Before we go into the data analysis, we need to download the data from the url and unzip it. We do it outside the Rstudio and we go directly with our csv file. After loading the file, refering to the documents, since we only analyze the health and economical impact of the disasters, we only need 7 variables which are related to these questions:

opts_chunk$set(echo=TRUE, results = "asis")
#load the data
#url <- "https://d396qusza40orc.cloudfront.net/repdata%2Fdata%2FStormData.csv.bz2"
setwd("C:/Users/User/Documents/R/rep")
storm_full <- read.csv("repdata-data-StormData.csv",  header = TRUE)

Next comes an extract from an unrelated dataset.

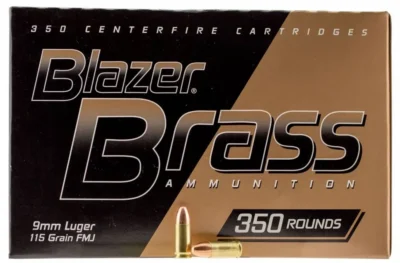 CCI 52001 Blazer Brass 9mm Luger 115 gr Full Metal Jacket (FMJ) 350 Bx/ 3 Cs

my_data <- data.frame(storm_full$EVTYPE, storm_full$FATALITIES, storm_full$INJURIES, 
                      storm_full$PROPDMG, storm_full$PROPDMGEXP, storm_full$CROPDMG, 
                      storm_full$CROPDMGEXP)

We first analyze the public health aspect, among which two import variables are analyzed, population killed and population injured. We group all the events based on the event type and sort them from mostly deadly to least.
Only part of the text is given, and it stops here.